Back in 2014, Julianne Wright took her son to Huntsville, Alabama, for a week at Space Camp.
While he was learning what it was like to be an astronaut, Wright spent that week in her hotel room drawing up a plan for an escape room business.
Now, nine years later, Wright’s business, Atomic Escape Rooms, has taken off like a rocket, with expansion plans underway. Spoiler alert: they involve Bigfoot, a glitter-and-paint party room and a new location.
It’s been a fun ride, Wright said.
“Seeing the excited customers is great,” she said. “People are so happy and having fun. Seeing that they liked one of my rooms, I love that. So it’s my ego too.”
Atomic Escape Rooms is at 1653 Fowler St. in Richland just north of Highway 240.
The business features 4,200 square feet of escape room fun, with four live rooms and three virtual reality rooms offering seven different challenges.
For the uninitiated, the physical adventure escape rooms involve using elements in the room to solve a series of puzzles and to find clues to escape the room within 60 minutes.

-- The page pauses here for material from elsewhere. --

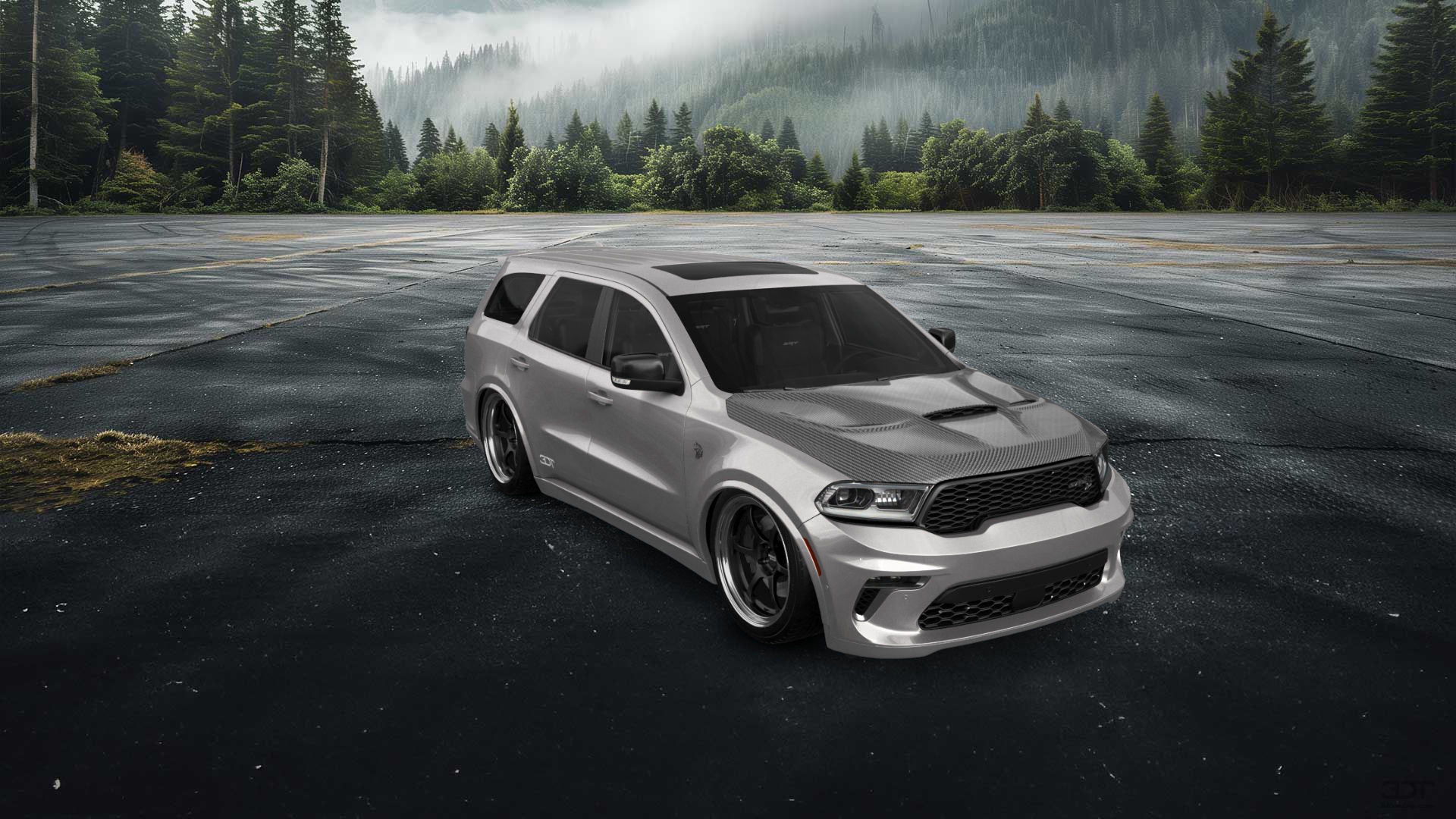 Dodge Durango 5 Door SUV 2021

The virtual escape room has participants slipping on a headset attached to a backpack along with hand controllers to immerse themselves in a video game-like environment.

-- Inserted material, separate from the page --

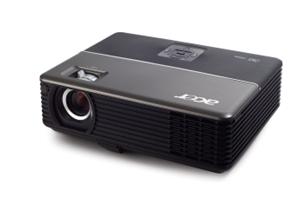 Projektor Acer P5280, DLP, (CBII, Eco), ZOOM, XGA 1024*768, 3.0kg, '2000:1, 3500 LUMENS, HDMI, DVI EY.J7501.001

Customers continue to fill up available weekend time slots at Atomic Escape Rooms. Weekdays are getting busier too.
But there are people who still don’t know the place is here, Wright said.
“The dinner shows we do have introduced us to the theater community, which helped us get more people to the escape rooms. Now, we have a mailing list to 20,000 people,” she said.

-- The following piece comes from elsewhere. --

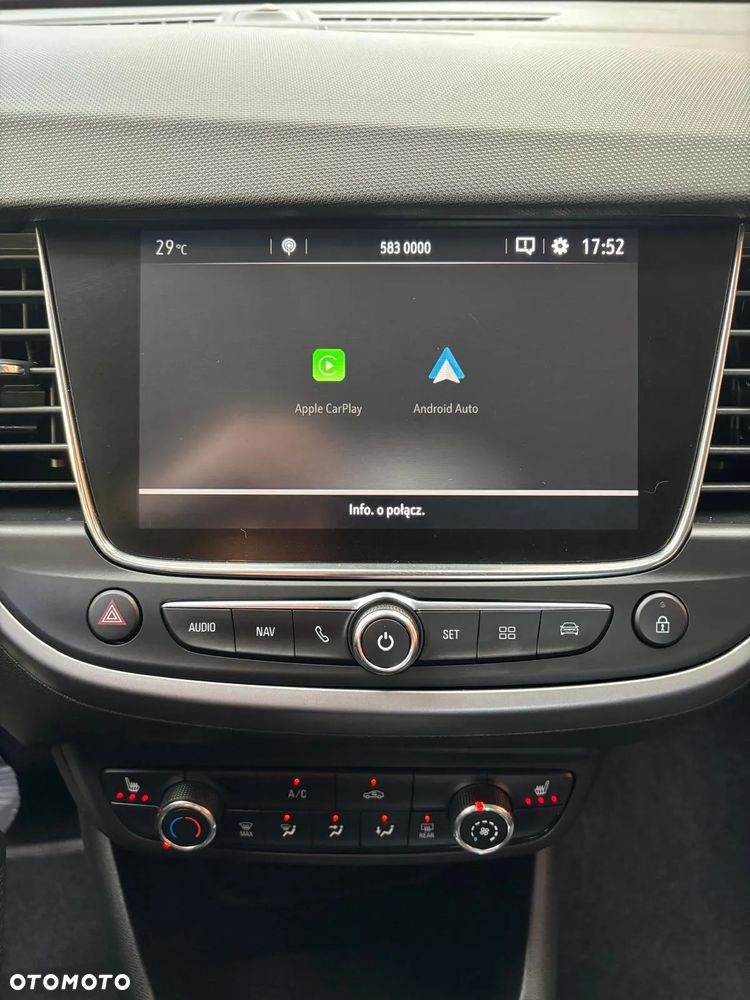 Opel Crossland X 1.2 Start/Stop Automatik Edition - 27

Atomic Escape has 25 employees. “A year ago we had 20,” she said.
Recently, Wright added another live escape room to her lineup, Secrets of the Carousel, at the Gesa Carousel of Dreams in the Southridge area of Kennewick.
Wright leased two suites in a nearby new flex space development for their latest adventures. It’s not far from Atomic Escape, across Highway 240, at 1333 Tapteal Drive in Richland.
Their new escape room, Expedition Bigfoot, will be offered in a 1,600-square-foot indoor space to simulate the outdoors. “Scary” and “not-so-scary” levels will be offered.
Wright and her husband have been planning the Bigfoot challenge for a while. In December, they bought 126 artificial Christmas trees to turn the indoor space into an outdoor challenge arena.
“We expect the new Bigfoot room to open within five months,” Wright said. “I’ve learned that people like physical challenges. And Bigfoot will have a lot of physical puzzles.”
Their second 1,600-square-foot suite will be the Splatter Zone.
“It’s a party space, where people can throw paint at their friends. We’ll have music, black lights, water guns filled with paint, balloons with paint and glitter,” Wright said.
The Splatter Zone and party room should be open around May 1.
It’s bound to be popular as Atomic Escape caters to groups.
“We’ve had graduation parties. There have been prom parties, bachelorette parties, team building, family reunions and retirement parties,” Wright said.
Wright happily traded her information technology job for escape room adventures.
For 26 years, she worked in the Hanford area in IT. Her husband, Troy, works for Kadlec in the health care field.
“I wanted to be my own boss,” Julianne said. “I was done (with IT) in 2016. So Troy and I were trying to build a business on the weekends.”
The idea for the escape room business was formulated during that week in Huntsville, and she stayed and worked at Hanford until the income from their new business allowed her to quit her main gig.
Julianne tried explaining to her husband her idea and how it would work, but it took her a weekend in their kitchen making a model of her plans to convince him.
He became her construction manager, creating everything needed for each room.
“My husband has been so supportive,” she said.
Julianne got her business license in 2017, but her construction contractor from Seattle was hit by a car, delaying the launch at Fowler Street.
Without a physical location, Julianne took her act on the road, renting space in local hotels and using virtual reality equipment.
“I thought virtual reality wouldn’t last very long,” she admitted. “But virtual reality saved the business. We rented out hotel rooms, doing haunted houses virtual reality escape rooms. We could throw spiders at them, throw blood at them. It was an immediate hit. The customers loved it.”
Eventually, in July 2018, she opened the Fowler Street location.
Julianne comes up with many of the ideas for the live rooms herself, and the most popular is Case #79: The Gold Mine, where people must find the secret room to escape a gold mine.
There is also a bank robbery room, Santa Claus-themed room and a serial killer room.
The cost for any escape room adventure — live or virtual reality — is $28 per person.
It’s been a successful run so far. So much so, that Julianne finally gave her notice at Hanford in 2021.
Escape rooms are what she loves doing now.
“I’ve put my heart and soul into this,” she said.
She and her husband are their own research and development team.
They travel to Las Vegas three or four times a year — not to really gamble, but to check out escape rooms.
“Our last trip, we went to eight escape rooms in three days,” she said.
Atomic Escape Rooms: 1653 Fowler St., Richland; 509-735-4045; atomicescaperooms.com.